Le ministre Boulet a jugé que le gouvernement Trudeau prenait au sérieux la grève des débardeurs du Port du Montréal et n’a pas voulu conseiller à son homologue fédérale, Filomena Tassi, d’imposer une loi spéciale pour mettre fin à ce conflit qui commence à avoir des impacts sur l’économie.

«Notre but, c’est de ne pas dicter à Ottawa la façon de gérer ce dossier-là, mais de bien faire réaliser que c’est extrêmement important», a expliqué mardi Jean Boulet, content de la déclaration de Mme Tassi publiée la veille.

Mme Tassi avait alors insisté sur l’importance de régler rapidement cette grève, qui perdure depuis plus d’une semaine maintenant. Elle a fait ces commentaires à la suite d’une sortie commune des ministres du Travail et du Développement économique du Québec et de l’Ontario la semaine dernière qui l’appelait à agir.

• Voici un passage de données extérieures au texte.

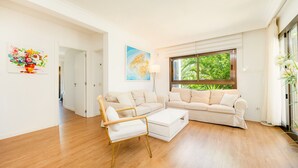 A modern living room with a beige sofa set, a wooden coffee table, and a white armchair. There is a painting on the wall and a window with a view of greenery.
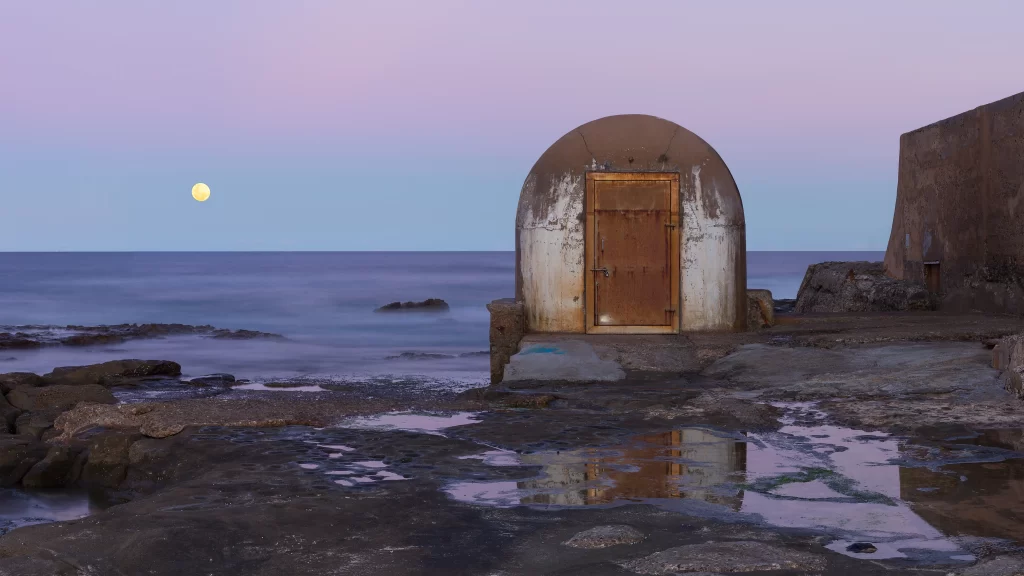moonlight seaside structure reflection calm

«Il faut faire l’inventaire de tous les moyens qu’on peut mettre à la disposition des parties pour aider ce processus de négociation», s’est contenté de conseiller Jean Boulet à Ottawa.

Un obstacle à la reprise

En entrevue à TVA Nouvelles, le ministre québécois du Travail a réitéré l’importance qu’a le Port de Montréal, non seulement pour l’économie du Québec, mais sur celle de tout le nord-est de l’Amérique du Nord.

Il a rappelé que 110 millions de consommateurs étaient desservis par des biens qui passaient par ce port, que 19 000 emplois directs et indirects en dépendaient, et que 90 % des biens de consommation au Québec y transitaient.

«On traverse une crise sanitaire sans précèdent. Là, on reprend les activités, ça va bien. On a récupéré un bon pourcentage des emplois perdus. Il faut continuer à aller de l’avant. Il ne faut pas un ralentissement causé par un conflit qui perdure dans le temps», a plaidé Jean Boulet.

Après deux ans de négociation et des moyens de pression tout au long de l’été, les débardeurs du Port du Montréal, ceux qui vident les cargaisons qui arrivent par bateau, ont déclenché une grève générale illimitée la semaine dernière.

Leur employeur, l’Association des employeurs maritimes (AEM), et le syndicat sont à couteaux tirés à cause des horaires de travail. La rémunération des débardeurs, qui sont très bien payés, n’est pas en cause.

En date de vendredi, cette grève avait eu pour conséquence de bloquer 65 000 conteneurs et 325 000 tonnes de vrac dans les installations portuaires.